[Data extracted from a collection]
- Opening Delimiter -
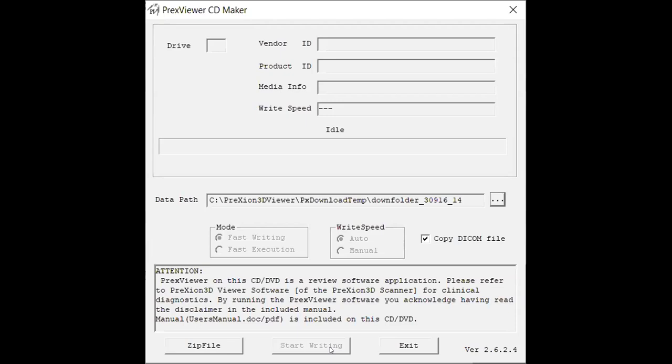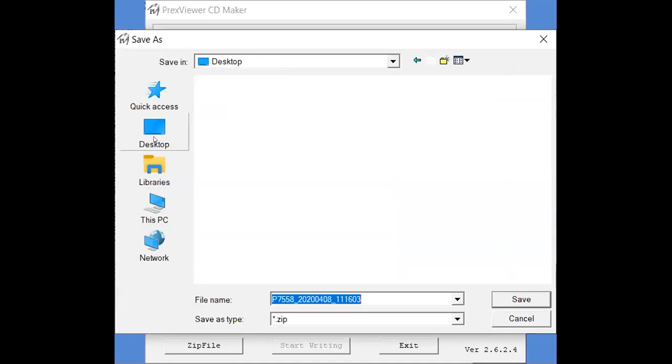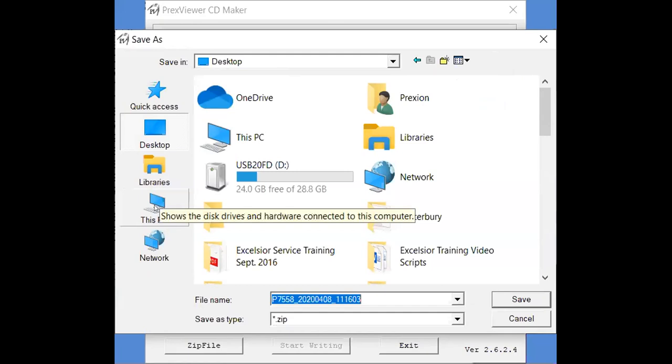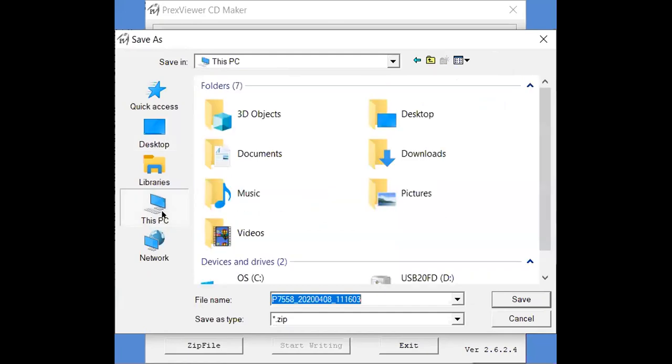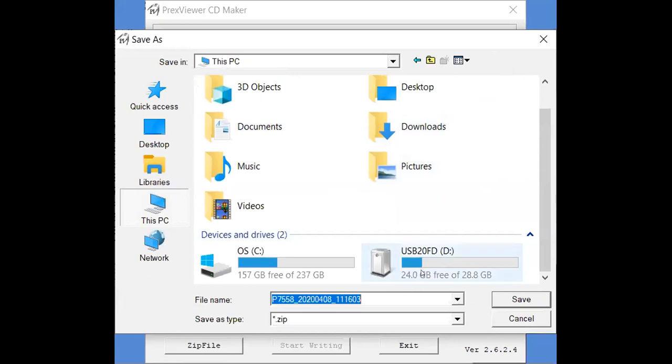Now if you prefer to save those files onto USB you'll want to select zip file instead. Once you do that you'll get a pop-up which will give you the option to save that file wherever you prefer. You could either save it on your desktop or you could save those files directly onto a USB by going to This PC and then finding your USB location.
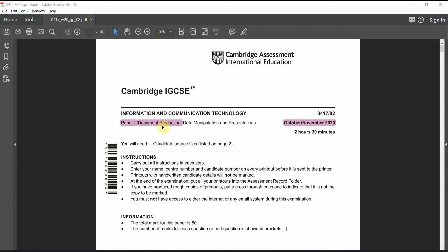Welcome back to Information Communication Technology, paper of October-November 2020, paper 2 for Document Production, Mail Merging.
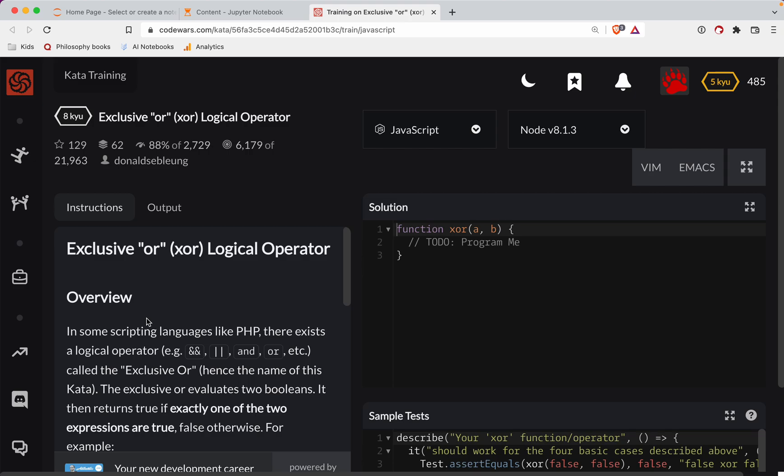Welcome to another CodeWars challenge. This one is a level eight, we're doing it in JavaScript. It's called Exclusive Or, XOR. As always, there's a link to this challenge in the show notes just below the video. Try it out before watching the recording - you've always got this to fall back on if you get stuck.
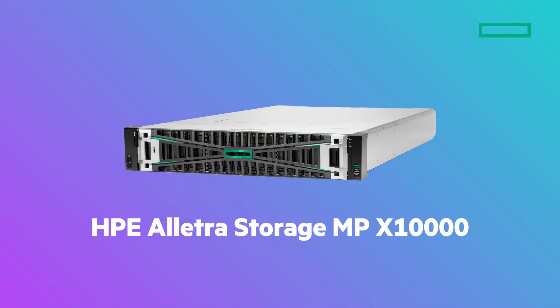I'm excited to announce HPE's latest enterprise solution to unleash the power of your unstructured data, the HPE Electra Storage MP X10,000.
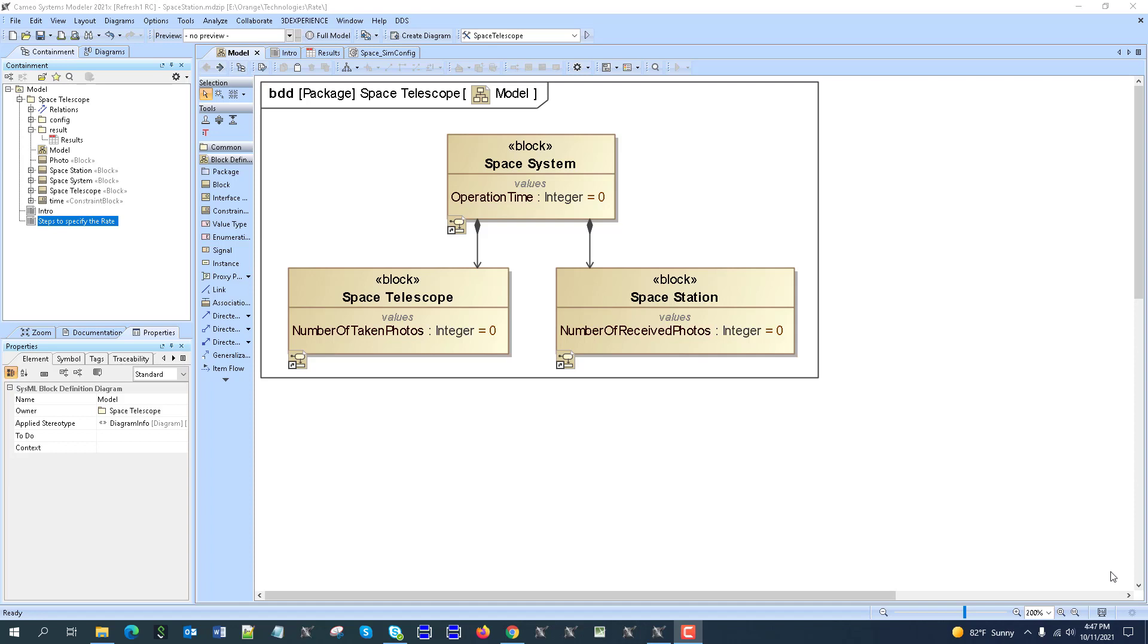Today we will talk about rate and streaming, specifically about rate in activity diagram simulation. This is a new capability because of the standard expansion. We get the ability to implement new things and we will demonstrate how it works. We are using the space station sample, which is built-in with some modifications. You can download the sample from the description of the video.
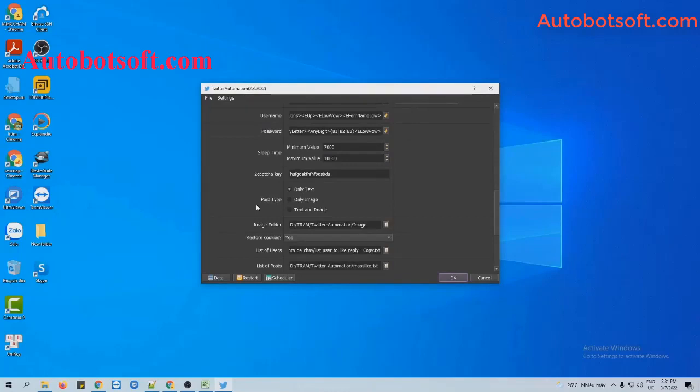There are two options for you to choose here. The first one is mention on tweet with text only, and the second one is text and image. Now we will run with text only first.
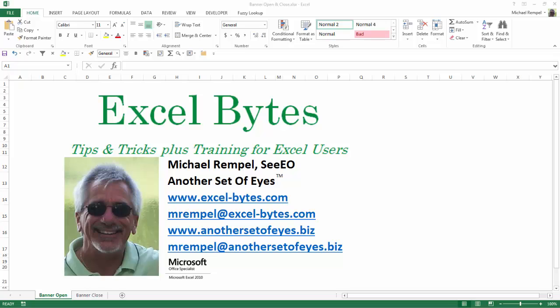Hello everyone, Mike Rempel from Another Set of Eyes with today's Excel Bytes blog post. Today we're going to take a look at a feature with pivot tables in Excel called Show Items with No Data.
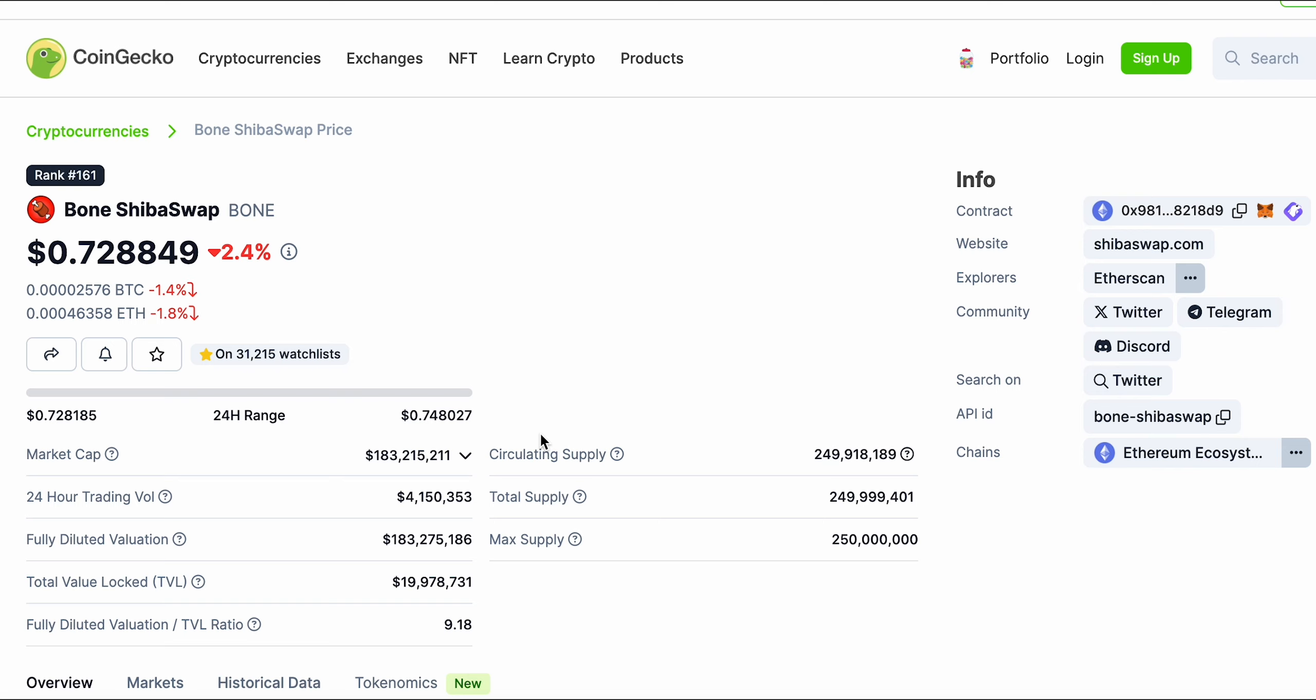If you're sitting here telling me that the TVL of Shibarium isn't that high when we compare it to another layer 2 solution, I'm sorry, Shibarium has been out for a few weeks. You can't go in and make these crazy assumptions.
- Closing Delimiter -
▶ _What to work on_: Write out the line that contains "I'm excited to" and every line after it to the end of the data, exactly as they stand. Omit the pictures.

▶ _Answer to this problem_:
I'm excited to announce HPE's latest enterprise solution to unleash the power of your unstructured data, the HPE Electra Storage MP X10,000.
Today we will talk about rate and streaming, specifically about rate in activity diagram simulation. This is a new capability because of the standard expansion. We get the ability to implement new things and we will demonstrate how it works. We are using the space station sample, which is built-in with some modifications. You can download the sample from the description of the video.
There are two options for you to choose here. The first one is mention on tweet with text only, and the second one is text and image. Now we will run with text only first.
Hello everyone, Mike Rempel from Another Set of Eyes with today's Excel Bytes blog post. Today we're going to take a look at a feature with pivot tables in Excel called Show Items with No Data.
If you're sitting here telling me that the TVL of Shibarium isn't that high when we compare it to another layer 2 solution, I'm sorry, Shibarium has been out for a few weeks. You can't go in and make these crazy assumptions.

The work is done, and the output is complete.